School district in Bergen County, New Jersey, US

The Ridgewood Public Schools is a comprehensive community public school district serving students in pre-kindergarten through twelfth grade from suburban Ridgewood, in Bergen County, in the U.S. state of New Jersey.

As of the 2020–21 school year, the district, comprised of 10 schools, had an enrollment of 5,613 students and 432.6 classroom teachers (on an FTE basis), for a student–teacher ratio of 13.0:1.

The district had been classified by the New Jersey Department of Education as being in District Factor Group "J", the highest of eight groupings. District Factor Groups organize districts statewide to allow comparison by common socioeconomic characteristics of the local districts. From lowest socioeconomic status to highest, the categories are A, B, CD, DE, FG, GH, I and J.

==Awards, recognition and rankings==
Benjamin Franklin Middle School was awarded the Blue Ribbon School Award of Excellence by the United States Department of Education, the highest award an American school can receive, during the 1998-99 school year.

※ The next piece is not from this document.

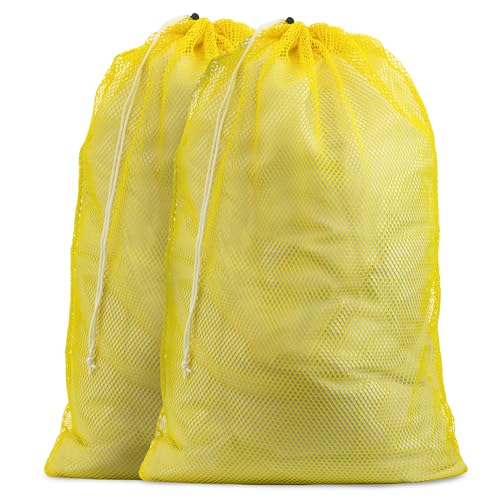 Kommerzielle Netz-Wäschesack, robustes Netzmaterial mit Kordelzugverschluss. Idealer maschinenwaschbarer Netz-Wäschesack für Fabriken, gelb, 2er-Pack) von Handy Laundry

For the 1993-94 school year, George Washington Middle School was named a "Star School" by the New Jersey Department of Education, the highest honor that a New Jersey school can achieve. For the 1995-96 school year, Benjamin Franklin Middle School was named a "Star School".

The district's high school was the 28th-ranked public high school in New Jersey out of 339 schools statewide in New Jersey Monthly magazine's September 2014 cover story on the state's "Top Public High Schools", using a new ranking methodology. The school had been ranked 28th in the state of 328 schools in 2012, after being ranked 20th in 2010 out of 322 schools listed.

== Schools ==
Schools in the district (with 2020–21 enrollment data from the National Center for Education Statistics) are:

- Pre-school
- Glen School with 60 students in PreK and Private Day Care Center
- Elementary schools
- Henrietta Hawes Elementary School with 593 students in grades K–5
  - Shauna Stovell, principal
- Orchard Elementary School with 299 students in grades K–5
  - Mary K. Ferreri, principal
- Ridge Elementary School with 443 students in grades K–5
  - Justin Jasper, principal
- Irwin B. Somerville Elementary School with 383 students in grades K–5
  - Lorna Oates-Santos, principal
- Ira W. Travell Elementary School with 377 students in grades K–5
  - Lauren Carr, principal
- Willard Elementary School with 461 students in grades K–5
  - Carolinev Hoffman, principal
- Middle schools
- Benjamin Franklin Middle School with 698 students in grades 6–8
  - Stacey Wisniewski, principal
- George Washington Middle School with 666 students in grades 6–8
  - David Bailey, principal
- High school
- Ridgewood High School with 1,775 students in grades 9–12
  - Jeffrey M. Nyhuis, principal

== Athletics ==
Ridgewood High School's sports teams are nicknamed the Maroons. Ridgewood High School is one of 41 public and private high schools from Bergen, Essex and Passaic counties that are members of the Big North Conference.

== Administration ==
Core members of the school district's administration include:
- Mark Schwarz, superintendent
- Richard Matthews, business administrator and board secretary

== Superintendent search ==
The Ridgewood Board of Education had been searching for a new superintendent since July 1, 2006, with Paul Arilotta, previously Principal of Travell School, serving as an interim replacement during the year-long search. The Board hired Martin Brooks as superintendent, effective July 1, 2007. However, in mid-June, Brooks declined the invitation for what the board described as personal reasons, though there was community opposition to Brooks' appointment that was said to have made him "feel unwelcome". This has led to the beginning of another search, and another year of the district hiring an interim superintendent, until a permanent replacement is hired and assumes the position. The New York Times reported that this is the result of a dispute over the district's reform math program.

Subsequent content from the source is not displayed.